LOS ANGELES (CN) – Photographer Mark Anderson claims he was duped into photographing a huge collection of Marilyn Monroe memorabilia for a coffee-table book, by Millington Conroy’s false claims to own the collection, and that now Conroy is interfering with Anderson’s plans to have some of the photos published in Vanity Fair magazine.
Anderson says Conroy claimed to own the collection of jewelry, clothing and “rare and insightful correspondence with leading artists and politicians of Monroe’s era,” which Conroy claimed to have inherited from his aunt, Inez Melson, Monroe’s former assistant. Anderson says he spent $44,500 photographing the collection of 750 items, and that Conroy induced him to form a corporation, defendant Jemm LA Associates, to publish the book.

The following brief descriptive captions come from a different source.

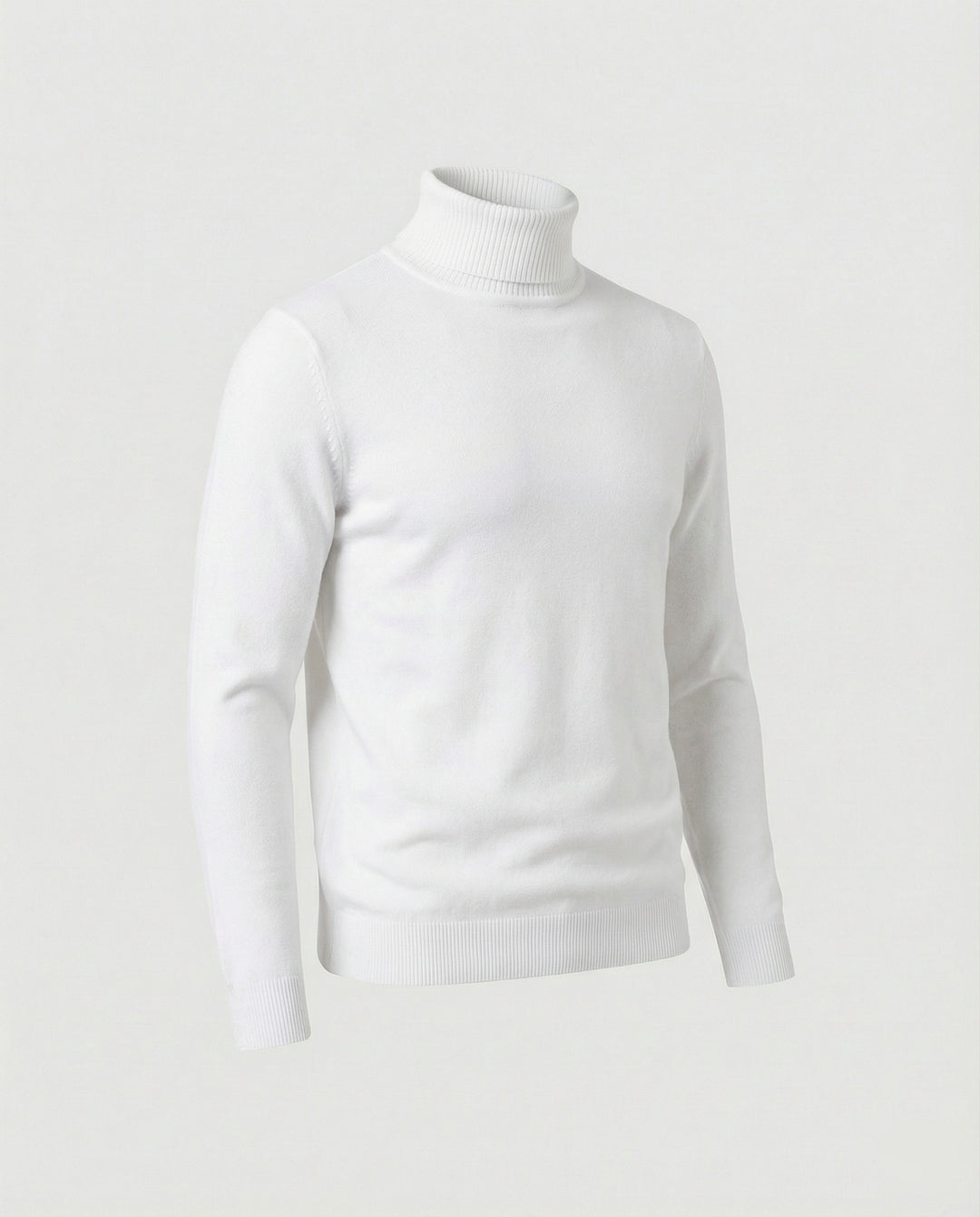 Herren Rollkragenpullover aus weichem Merinowolle R&B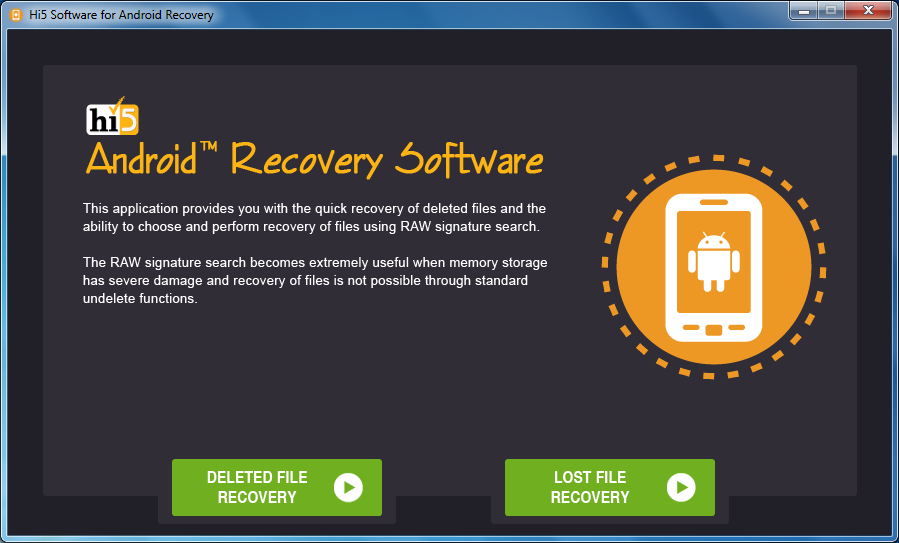Hi5 Software for Android Recovery 1.0.0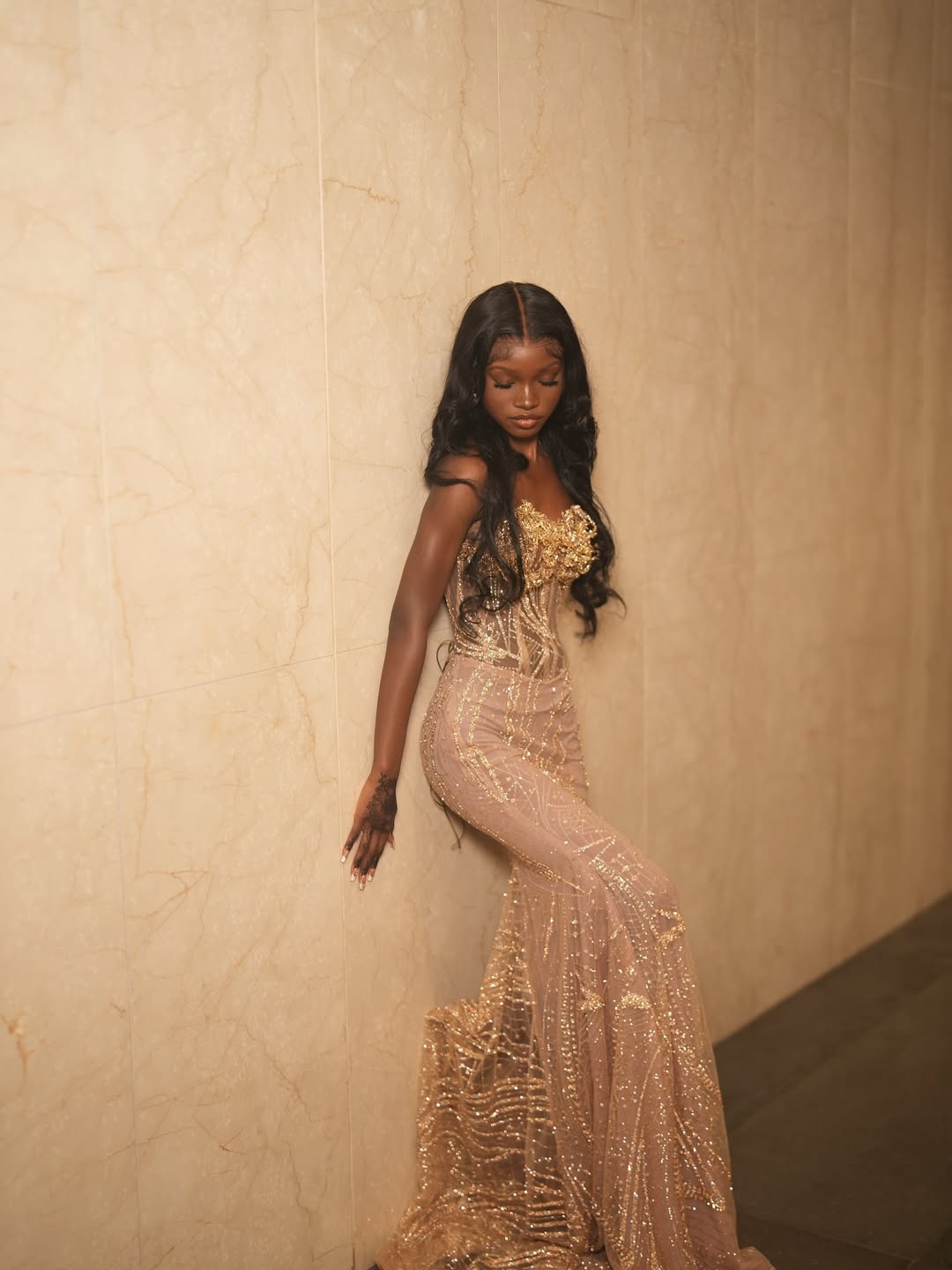Pretty Gold Sweetheart Strapless Sleeveless Mermaid Prom Dresses Gem Column With Beads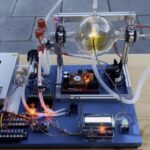 This DIY experimental reactor harnesses the Birkeland-Eyde process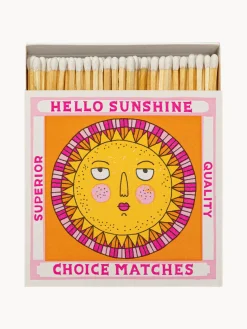 Caja de cerillas de diseño Hello Sunshine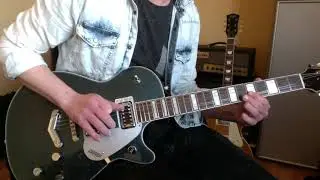 Gretsch G5220 Jade Grey & BluGuitar Amp 1 Mercury Edition (vintage channel)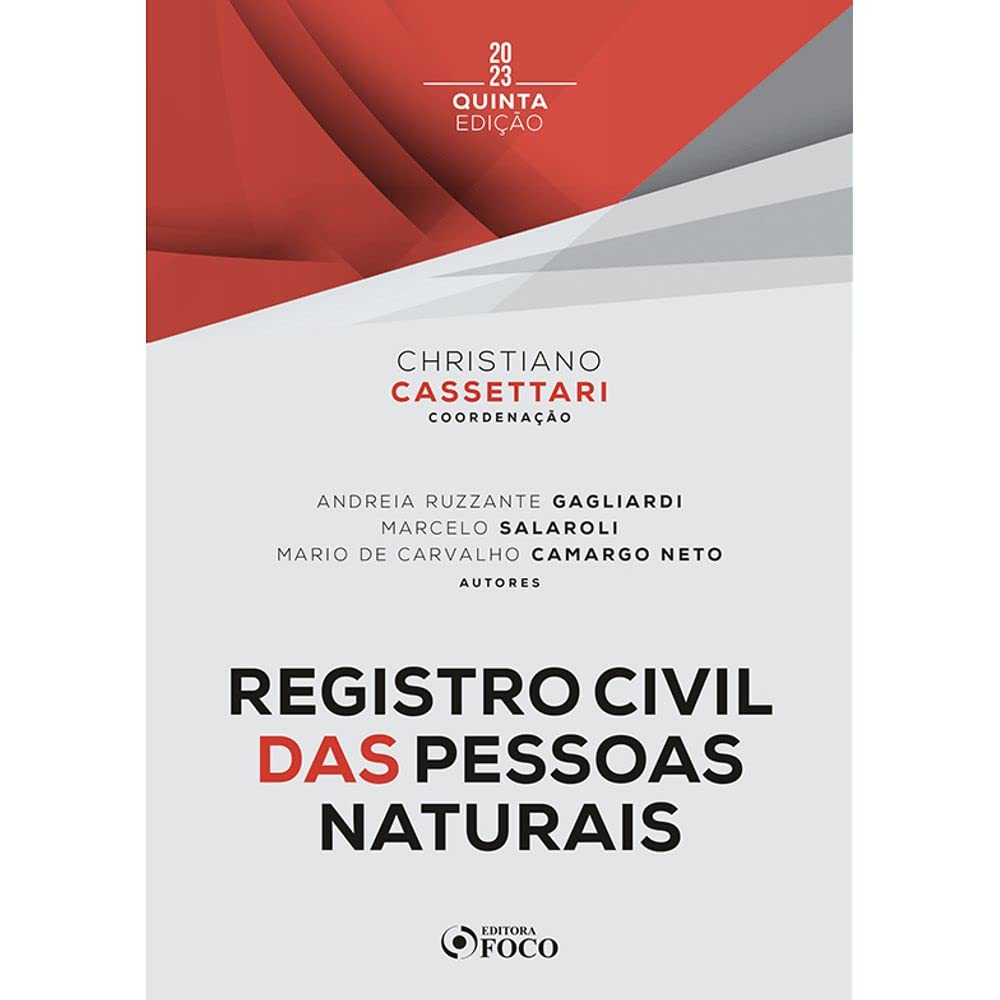 ler totalmente Registro Civil das Pessoas Naturais - 5ª Ed - 2023
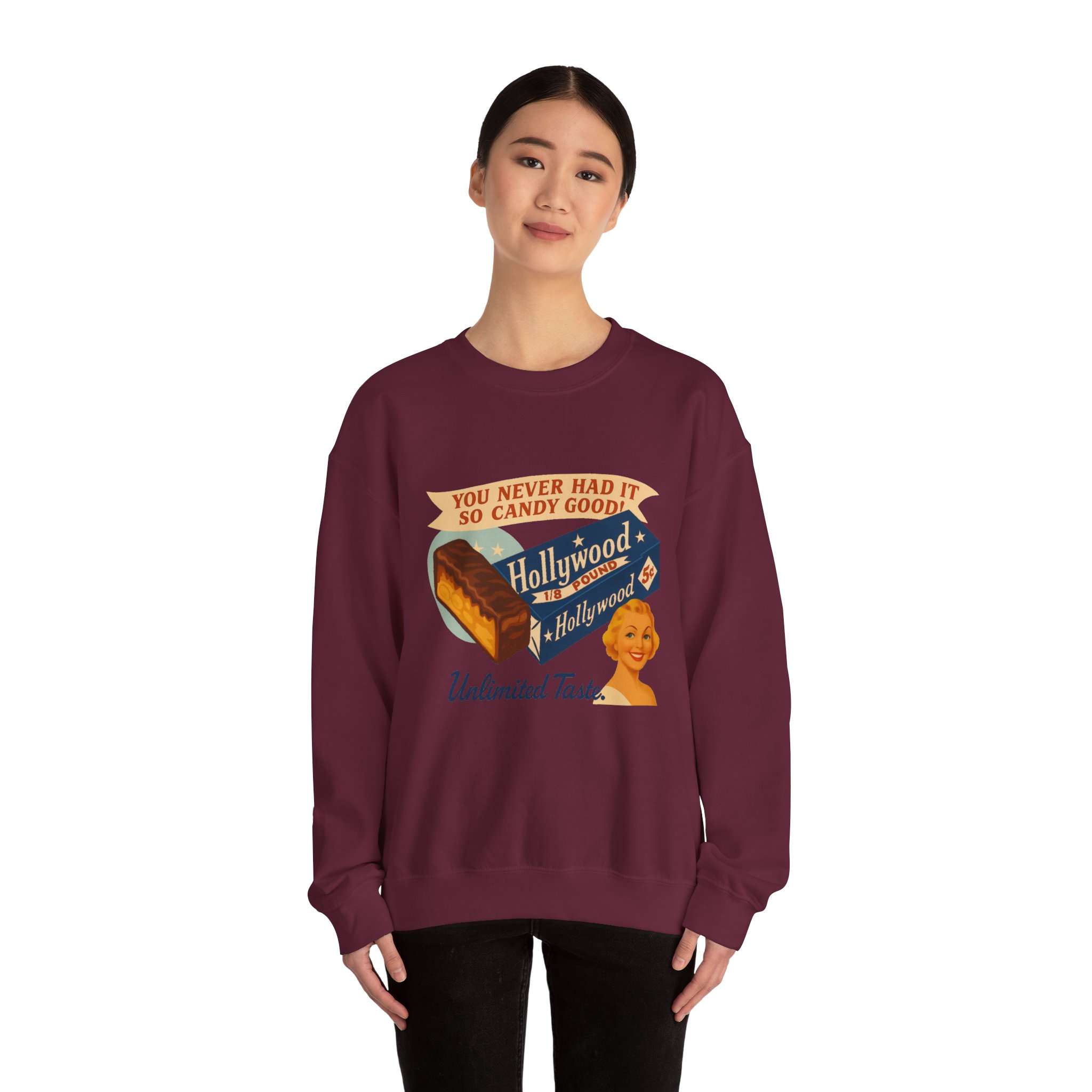 "Hollywood" Unisex Heavy Blend™ Crewneck Sweatshirt - Image 12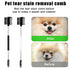 2pcs Double-Headed Dog Eye Comb, Soft Bristles Dog Eye Cleaning Brush 2 in 1 Dog Eye Booger Tear Stain Remover for Puppy Cat Pet Grooming Tools (B...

Anderson claims he discovered in September 2007 that Conroy does not own the collection, and that when he informed Monroe’s estate of the alleged fraud, the estate sued Conroy in LA Superior Court. Anderson claims Conroy already had lost a previous judgment to Monroe’s estate, and that he fraudulently concealed the existence of the 750 items from the estate. The estate claims Conroy claimed, falsely, that the items had been stolen.
Now, Anderson says, Conroy is interfering with Vanity Fair’s plan to publish some of his photos, because the accompanying article will portray Conroy in a less than favorable light.
Represented in Superior Court by Kenneth Ingber, Anderson seeks punitive damages and declaratory relief.